Commencer à parler, apprendre à recevoir une voix
dans la sienne : rameaux secoués par le vent,
troncs chancelants qui craquent, volets ou portes
qui battent, parmi les pages que l’on tourne
les mots s’évadent de leurs traces,
l’enfant déconcerté, ravi, ne choisit pas
entre les bruits, de syllabe en syllabe, de cercle
en cercle, il se livre sans frein à leurs échos
lointains, très proches, il court sur des pierres,
il court sur de l’herbe, il entre en la forêt des sources,
la légende a dit vrai.
Le poème est d’ailleurs plus large que son discours, et situe la parole non pas comme une limite matérielle, mais au contraire comme une instance métaphysique, toute faite de contenu, de condensation, de quintessence. J’ai néanmoins fait le rapprochement avec l’activité de la prière, car le poème ici est pensé comme une parole au milieu de l’énigme de sa propre existence. La poésie se fait intermédiaire entre l’homme et sa transcendance. Elle est, comme la prière, un endroit où l’homme s’augmente lui-même, s’étoffe et se complète.

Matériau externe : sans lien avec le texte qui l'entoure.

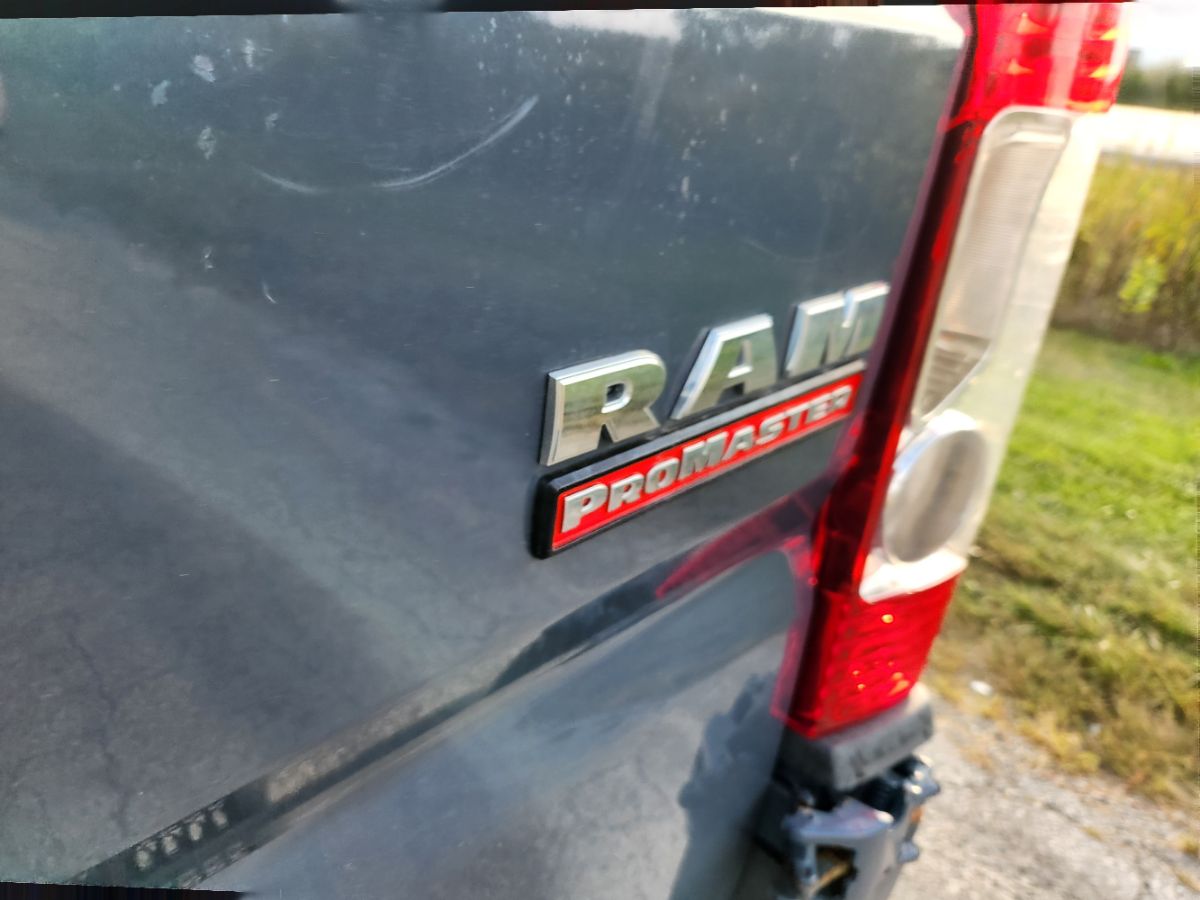 Photo 27 of this Ram ProMaster Cargo Van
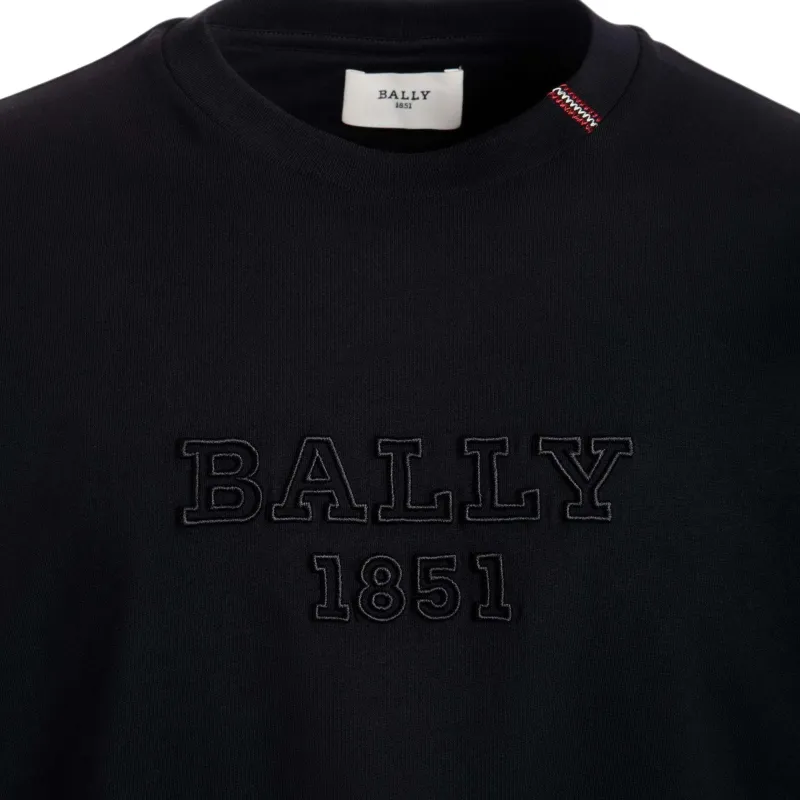 BALLY T Shirts Men Black-2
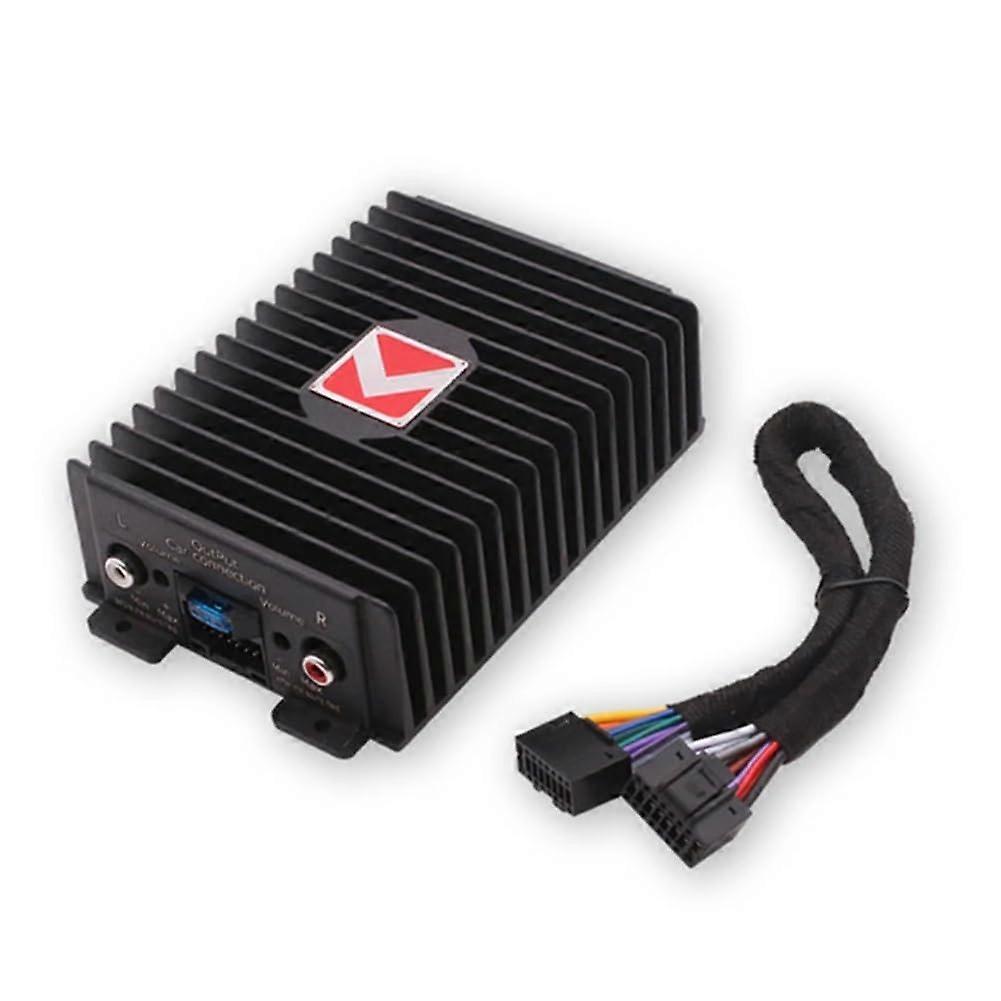 Car Audio Amplifier 4x80W  Power Output for Car Stereo HiFi Sound Upgrade with Clear Audio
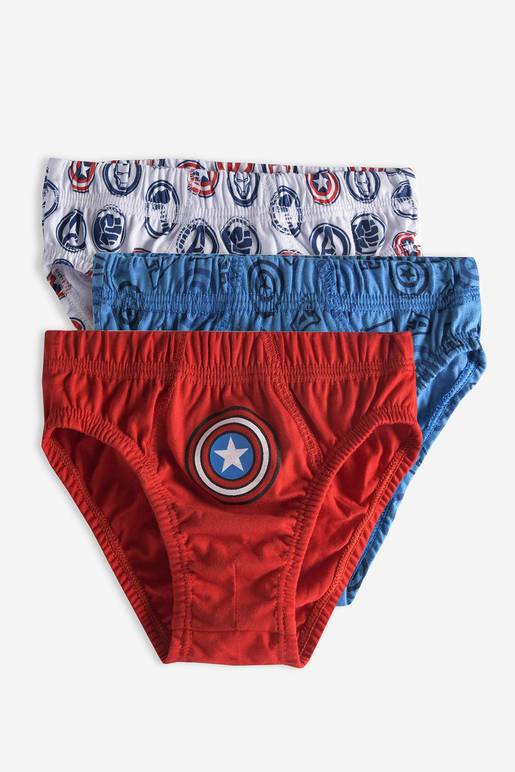 Captain America Calzoncillos De Marvel Set Of Marvel Avenger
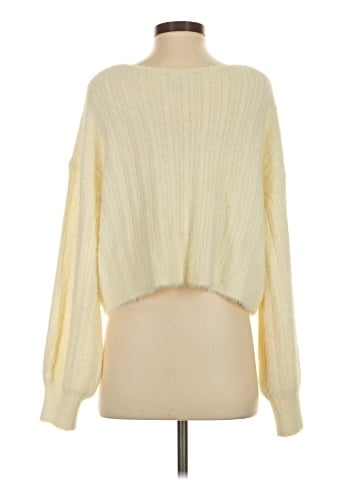 Cotton Candy LA Pullover Sweater (view 2)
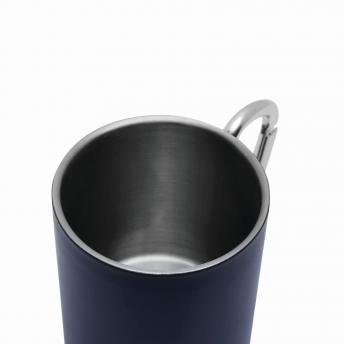 Нержавеющая сталь кружка DEEP VALLEY, темно-синяя NTEU7-537915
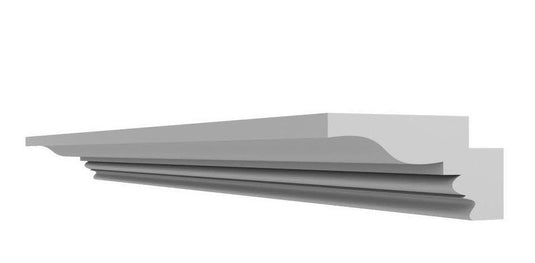 Polystyrene Coving for LED BGX12 Lightweight XPS
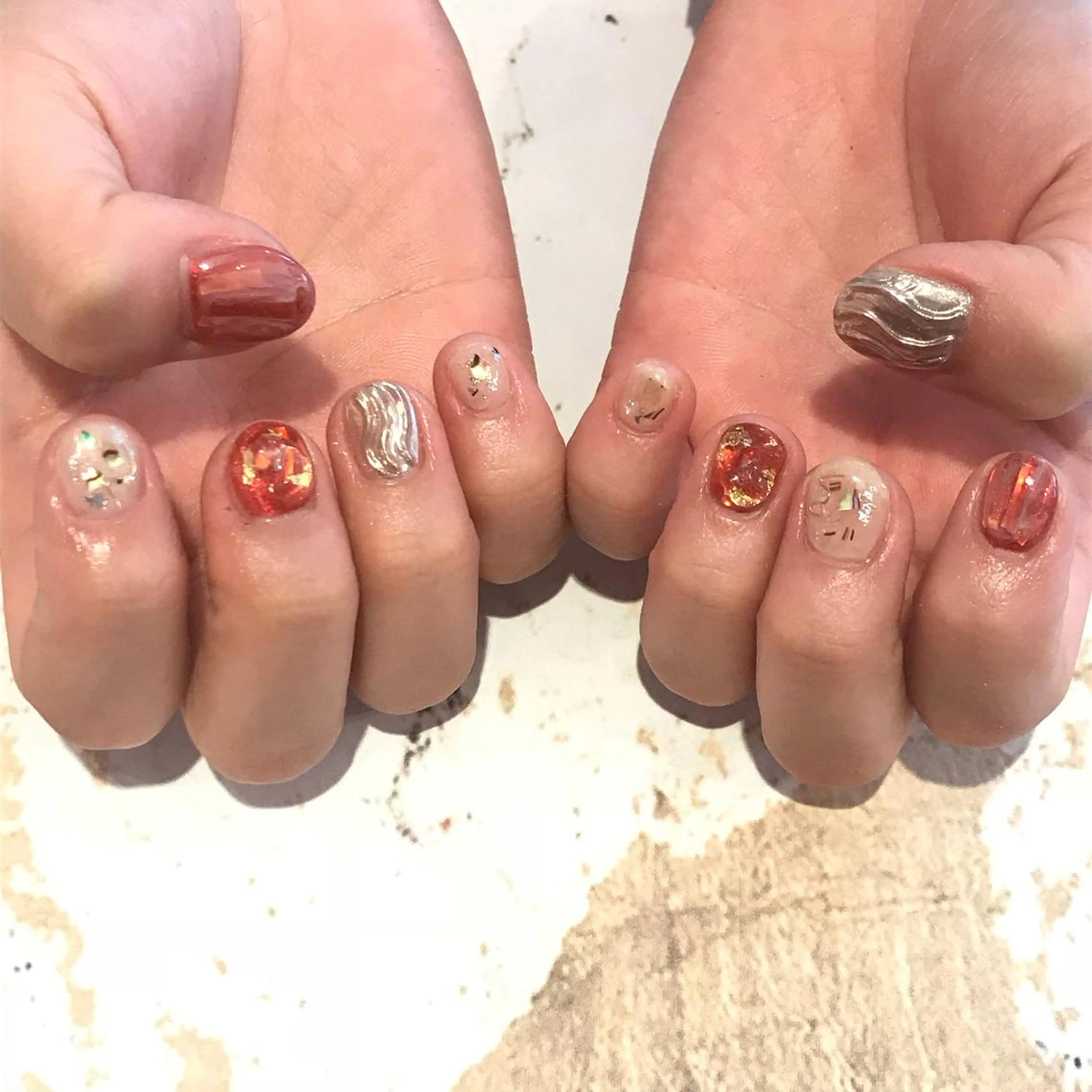 ネイル ニュアンスネイル HiMe .のその他イメージ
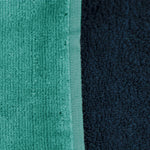 Mystic Dolphin Oversized Cotton Beach Towel Set of 2 Piece - Egyptian Cotton Beach Towel by Superior Brand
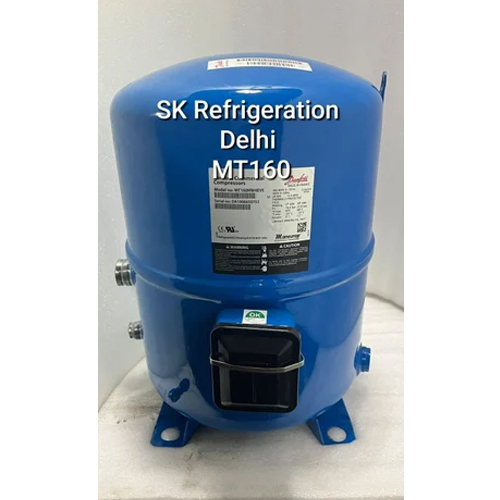 Mt64 Danfoss Compressor - Color: Blue Paint Coated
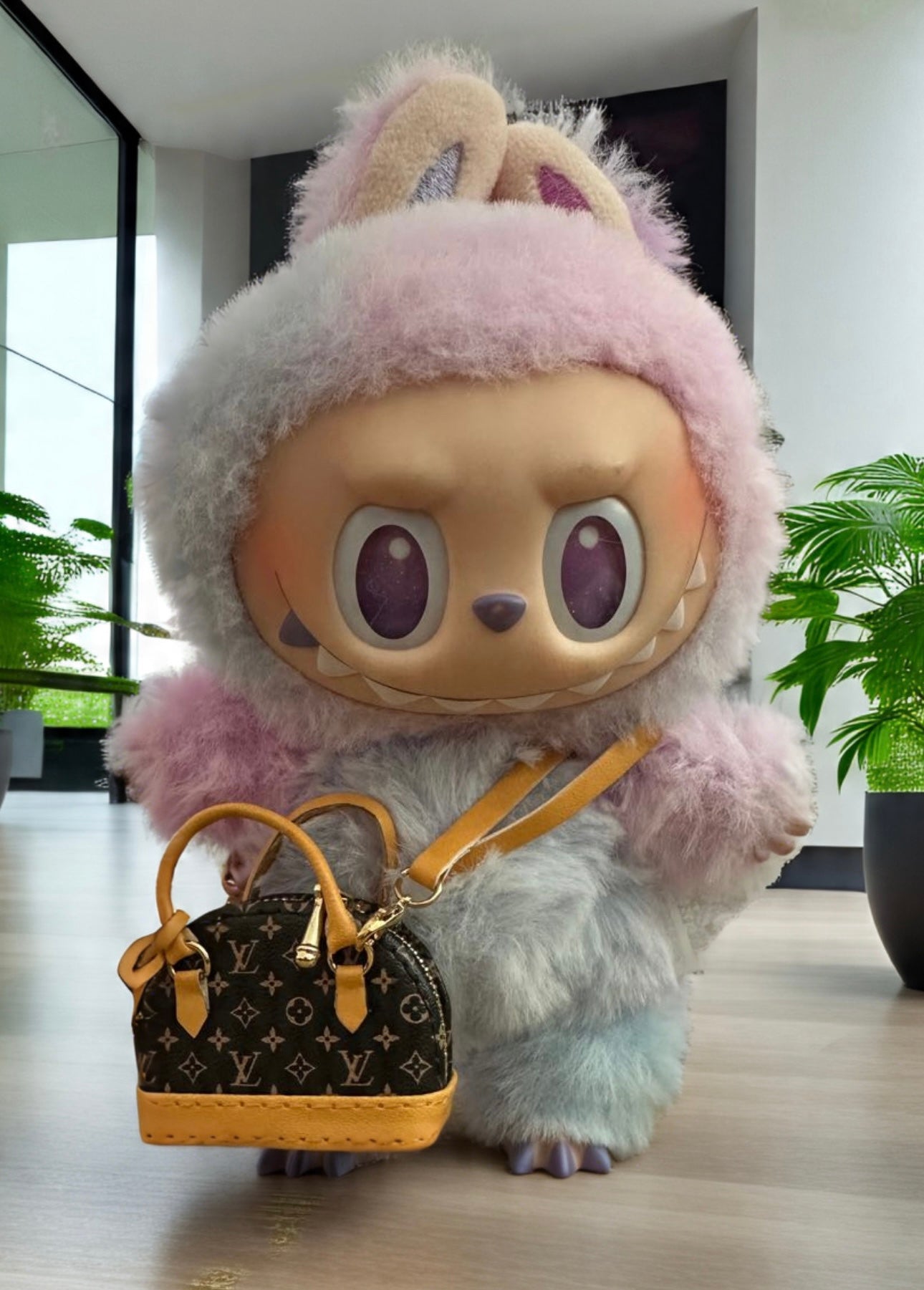 Lou - Crossbody Monogram Bag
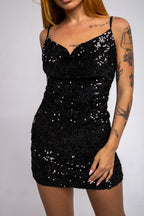 Mini Παγιετέ Φόρεμα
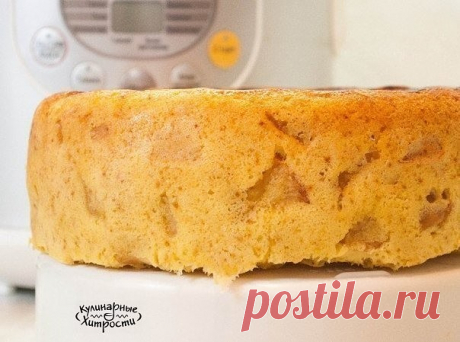 ПЫШНАЯ ШАРЛОТКА В МУЛЬТИВАРКЕ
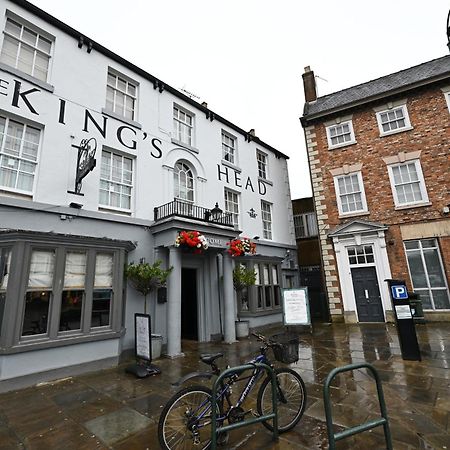 The King'S Head Hotel Beverley Bagian luar foto
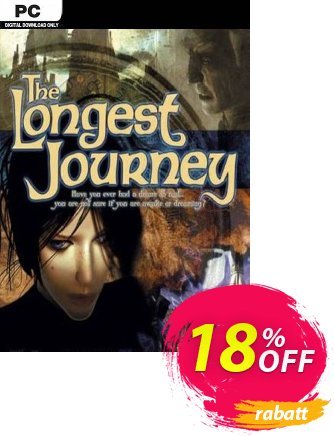 The Longest Journey PC Coupon, discount The Longest Journey PC Deal 2024 CDkeys. Promotion: The Longest Journey PC Exclusive Sale offer 
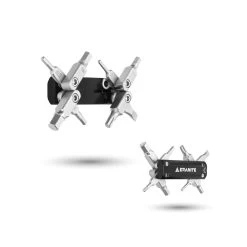 STASH Multitool - Schwarz -Fahrradbekleidung Und Zubehör STASH MULTI TOOL Too key BK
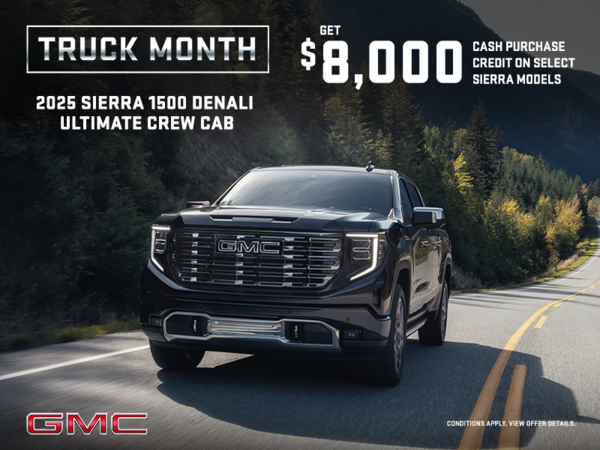 The 2025 GMC Sierra 1500 HD Denali Ultimate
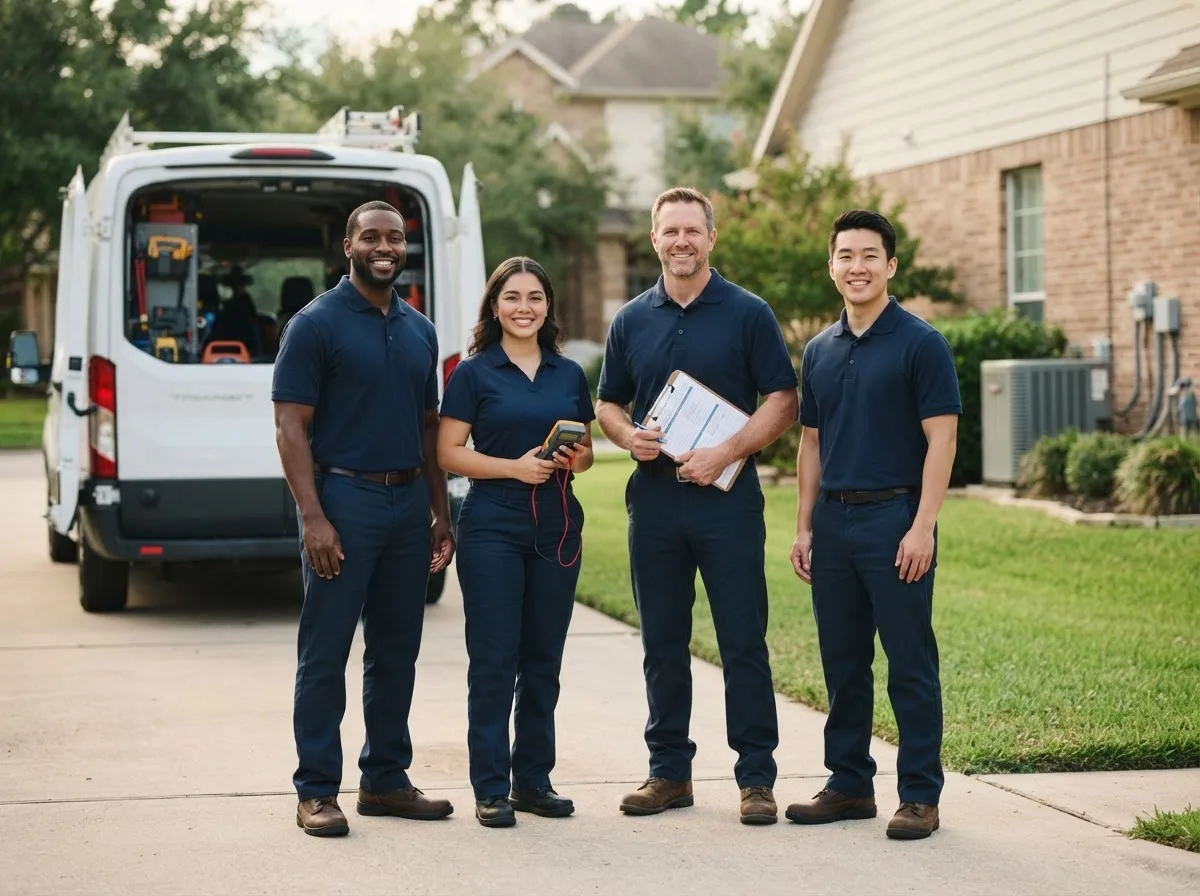 Certified HVAC technician near Thornton, WV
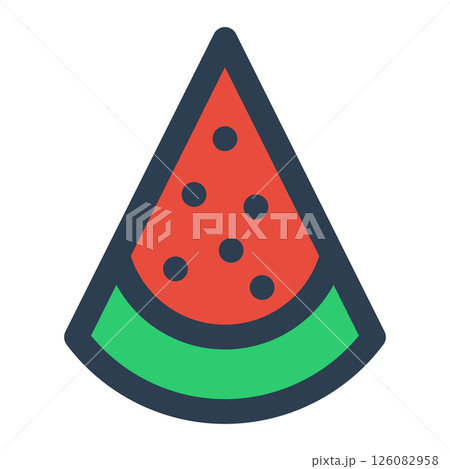 watermelon icon 126082958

Et c’est à la fois à la grande maturité du poète, à sa foi dans l’action du poème, son caractère énigmatique aussi, que j’ai ressenti combien il était possible de mettre de la lumière dans cette nuit intérieure qui est notre lot. Ainsi le poème réfléchit sur lui-même, se construit en s’interrogeant, se fabrique in concreto et œuvre à la reconnaissance sensible d’un monde plus haut que le poème lui-même.
Que l’on soit auprès de la parole, importe et décide de notre propre réaction devant le langage, comme pareillement on s’interroge sur notre fragilité humaine, comme si cette parole permettait de retraverser le langage dans son ensemble, et somme toute de penser la vie, y compris devant la mort, or c’est cela le plus important.
Très tard, la chambre étroite, le corps captif,
ne te lamente pas d’être las, de te taire,
de ne pouvoir aller plus loin, tu comprendras
que rien ne s’interrompt tant que les souffles
ont le libre passage : avant de t’endormir,
choisis un de ces mots errants
dont la mémoire est saturée, murmure-le
comme en t’adressant à des morts,
que la nuit soit ingrate ou généreuse,
as-tu le choix ? ce sera ton offrande.
Pour conclure, je dirais qu’il faut parcourir ce livre à la manière d’un enfant, avec un regard ouvert, afin de saisir en quoi cette interrogation du poème revient à des mots simples, des idées nettes, des concepts, qui ont la qualité fluide de schèmes élémentaires et modestes, ce qui rapproche derechef de l’enfance et de sa noblesse.